Home / Blog / Structured Outputs Saved Me From Contract Parsing ...

Structured Outputs Saved Me From Contract Parsing Hell (And Probably a PIP)

By CaelLee | | 8 min read

Structured Outputs Saved Me From Contract Parsing Hell (And Probably a PIP)

Last Friday at 2 AM, I was still fighting with nested liability clauses in a 200-page contract PDF, coffee getting cold, wondering where my life went wrong.

My boss had said the magic words: "extract the key clauses by Friday." I thought, this is just some regex and a few if-else blocks, maybe 4 hours tops. Plot twist: I was spectacularly wrong. The nesting was insane—liability clauses inside termination clauses inside jurisdiction clauses, like Russian dolls designed by lawyers who hate developers.

That's when I finally got serious about OpenAI's Structured Outputs. Not "read the announcement tweet and nodded along" serious, but "read the actual docs at 2 AM while questioning my career choices" serious.

Here's what I wish I'd known six months ago.

Why Traditional JSON Extraction Is a Trap We All Fall Into

Look, we've all done it. The standard playbook for structured extraction goes something like:


# 千万别这么写,这是血泪教训
try:
 data = json.loads(response)
 name = data.get("name", "未提取到")
 # 然后祈祷字段别缺失、类型别错...
except:
 name = "解析失败"

This approach has three fatal flaws that'll murder your reliability:

The model randomly omits fields it considers "obvious" or "implied." Your contract has a termination date, but the model decided "eh, it's in the preamble, not important" and skipped it. Your parser explodes. You get the Slack notification. Fun times.

Nested structures come back half-baked. You'll get a party object with a name but no address, because the model apparently got distracted mid-JSON. Now your downstream code has to handle 47 edge cases of partial objects.

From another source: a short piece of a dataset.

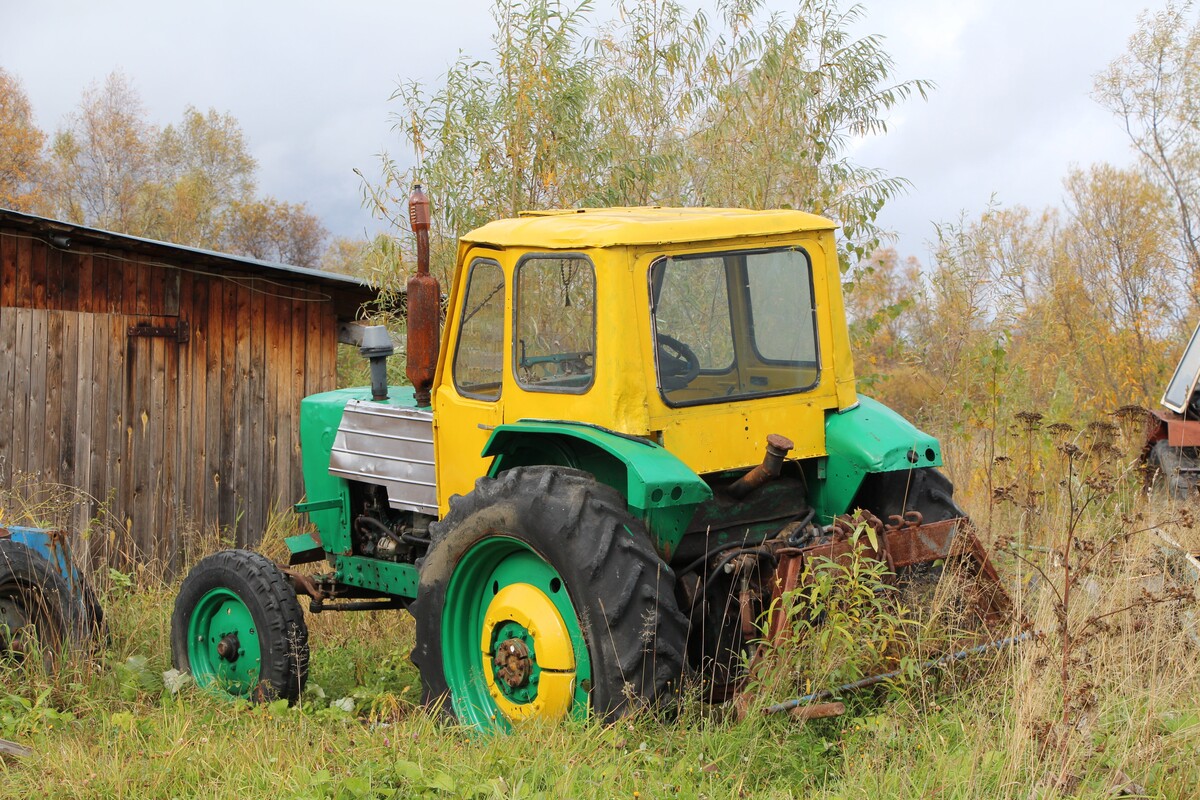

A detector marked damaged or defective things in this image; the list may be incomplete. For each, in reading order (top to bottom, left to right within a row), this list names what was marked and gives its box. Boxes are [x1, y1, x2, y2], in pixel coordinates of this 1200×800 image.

Field types play musical chairs. amount is a number 90% of the time, then suddenly it's "one thousand five hundred" because the model "thought it looked nicer." This is why I aged three years in 2023.

I was working at a Berlin-based legal tech startup parsing rental contracts, and our QA team had a running joke about my fix commits. Every few days: "fix: empty string penalty field again." The QA lead actually bought me a mug that said "World's Okayest JSON Parser." I still use it. It holds my tears.

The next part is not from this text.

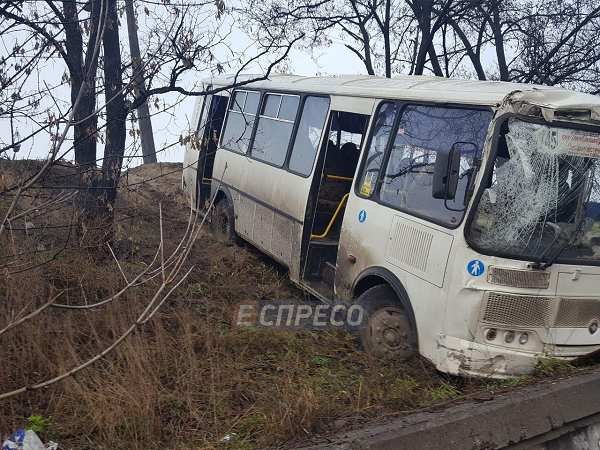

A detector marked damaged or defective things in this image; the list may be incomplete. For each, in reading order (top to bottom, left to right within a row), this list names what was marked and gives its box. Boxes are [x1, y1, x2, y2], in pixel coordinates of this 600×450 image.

crashed passenger bus [183, 74, 600, 376]
shattered windshield [468, 118, 600, 264]
broken window [468, 119, 600, 264]
bent metal [233, 298, 366, 330]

Structured Outputs fixes this at the protocol level. But here's the thing—wait, I should clarify. OpenAI released this in August 2024, but I ignored it for three months because I thought "it's just enforced JSON, I can do that with a better prompt." Sound familiar? Yeah, we all have that phase.

The `required` Field: Your Contract With the Model

The core idea is dead simple: define what you want with a schema, not a prayer. The required array is your non-negotiable baseline.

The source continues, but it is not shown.